*Entries supplied*
+++

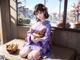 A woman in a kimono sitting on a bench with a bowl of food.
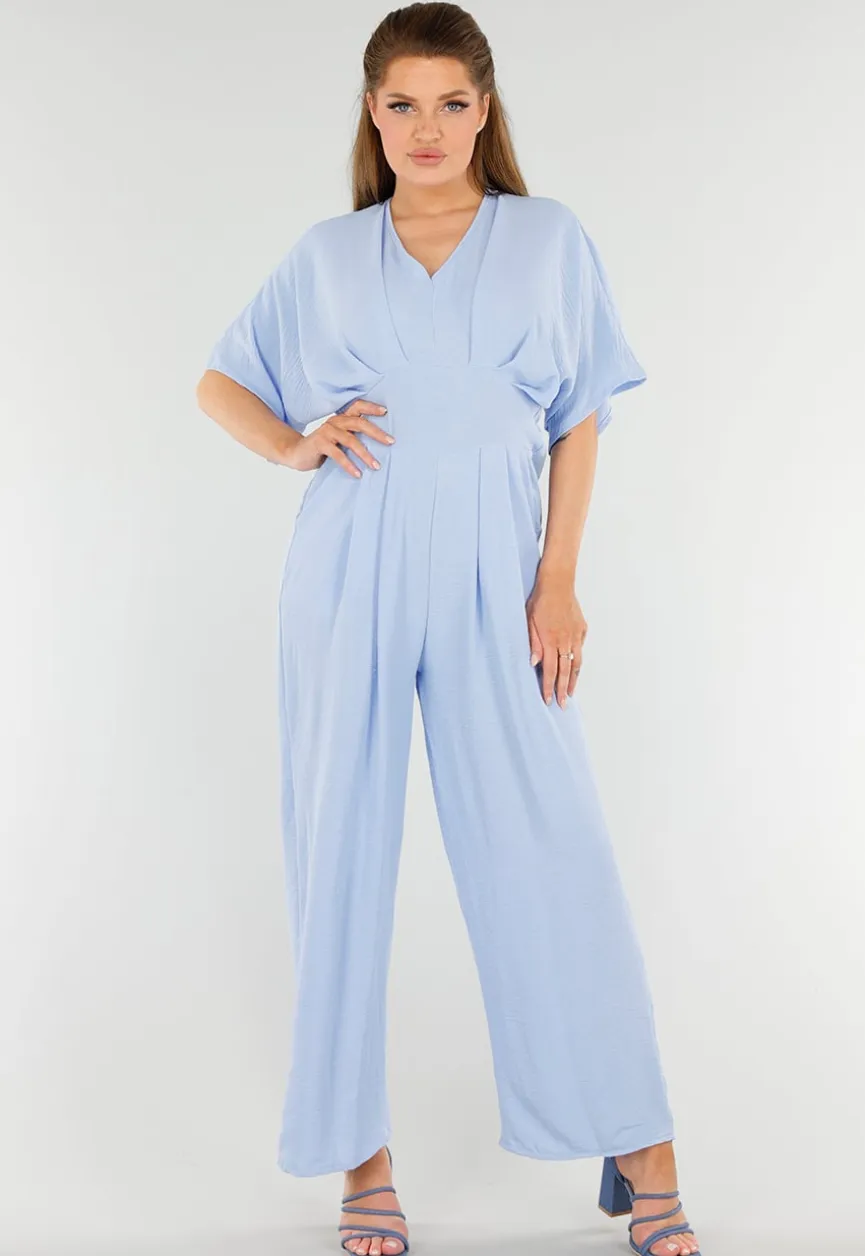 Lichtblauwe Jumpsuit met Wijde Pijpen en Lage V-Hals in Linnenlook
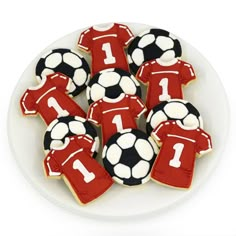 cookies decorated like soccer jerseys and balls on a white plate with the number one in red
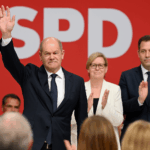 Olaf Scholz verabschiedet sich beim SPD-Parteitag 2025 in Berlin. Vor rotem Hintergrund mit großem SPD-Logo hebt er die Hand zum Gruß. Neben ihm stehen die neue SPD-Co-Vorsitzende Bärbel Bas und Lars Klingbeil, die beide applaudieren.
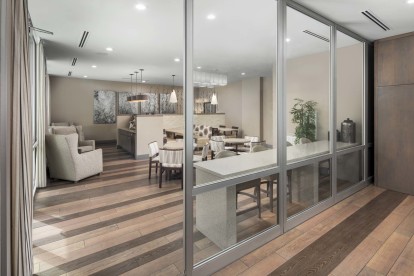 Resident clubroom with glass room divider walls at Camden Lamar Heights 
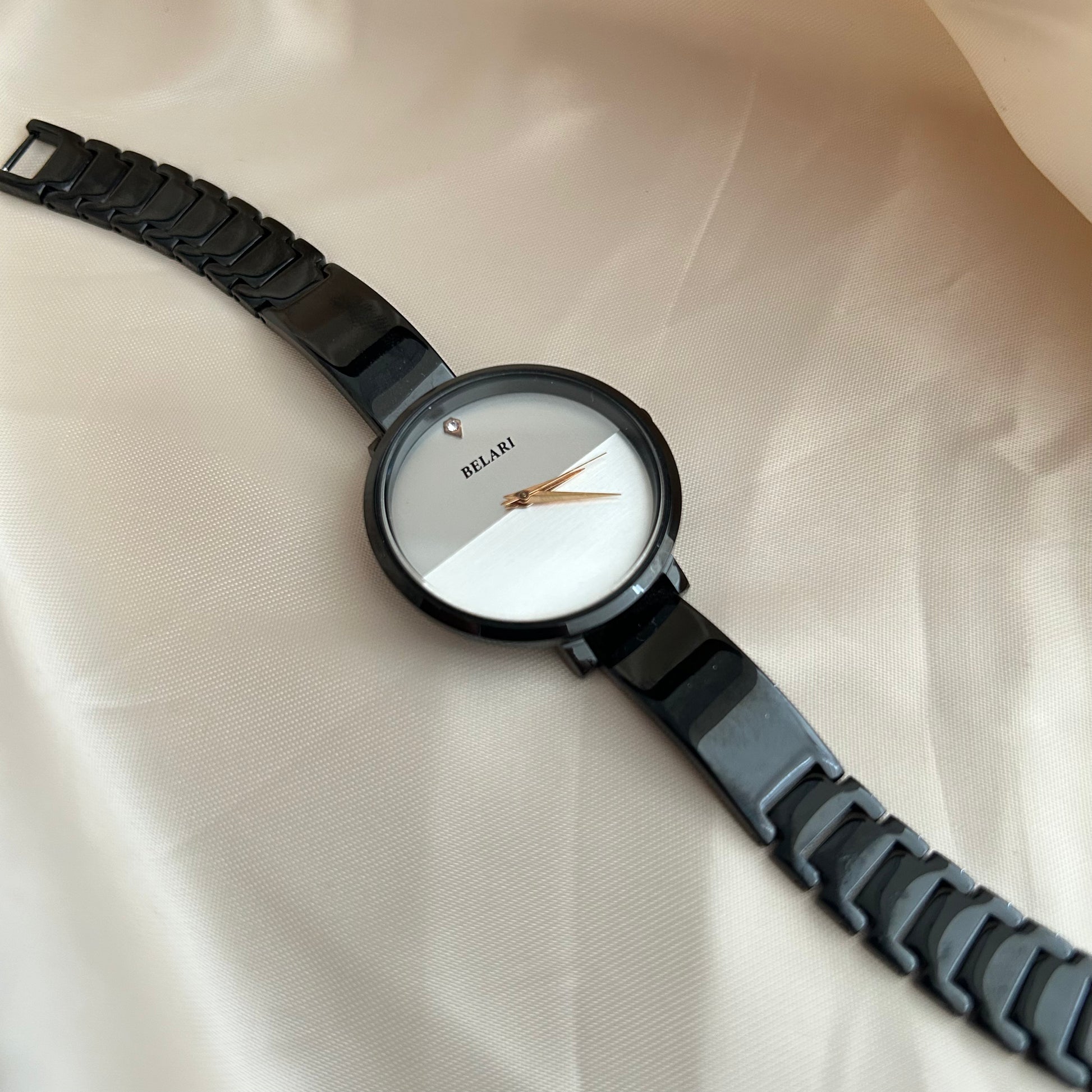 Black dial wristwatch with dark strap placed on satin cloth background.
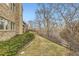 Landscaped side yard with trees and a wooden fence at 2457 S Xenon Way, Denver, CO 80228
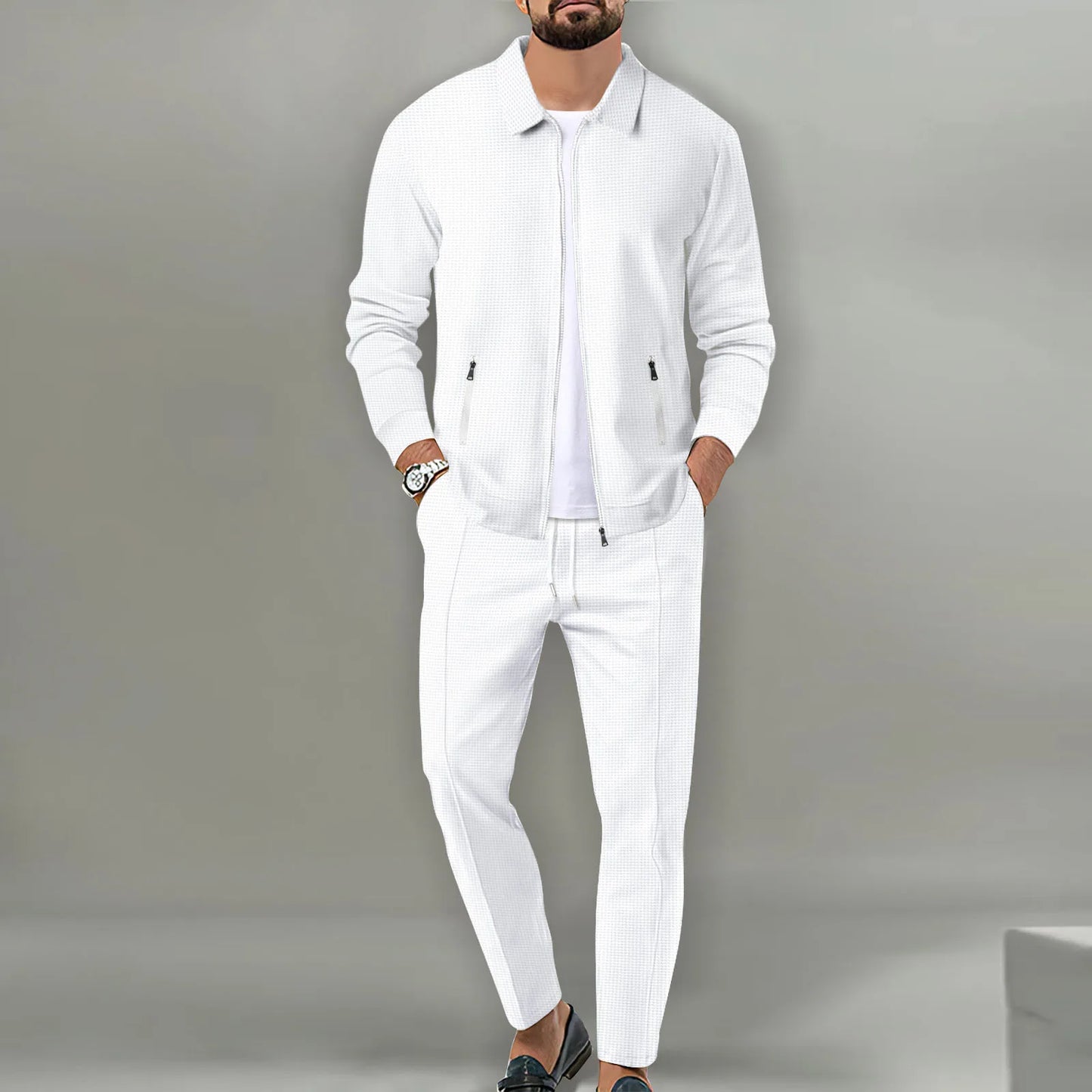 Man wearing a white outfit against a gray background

+++

*Work to complete*
Only an exact copy of the records counts as an answer. Leave out the images.

*Result for this task*
 A woman in a kimono sitting on a bench with a bowl of food.
 Lichtblauwe Jumpsuit met Wijde Pijpen en Lage V-Hals in Linnenlook
 cookies decorated like soccer jerseys and balls on a white plate with the number one in red
 Olaf Scholz verabschiedet sich beim SPD-Parteitag 2025 in Berlin. Vor rotem Hintergrund mit großem SPD-Logo hebt er die Hand zum Gruß. Neben ihm stehen die neue SPD-Co-Vorsitzende Bärbel Bas und Lars Klingbeil, die beide applaudieren.
 Resident clubroom with glass room divider walls at Camden Lamar Heights 
 Black dial wristwatch with dark strap placed on satin cloth background.
 Landscaped side yard with trees and a wooden fence at 2457 S Xenon Way, Denver, CO 80228
 Man wearing a white outfit against a gray background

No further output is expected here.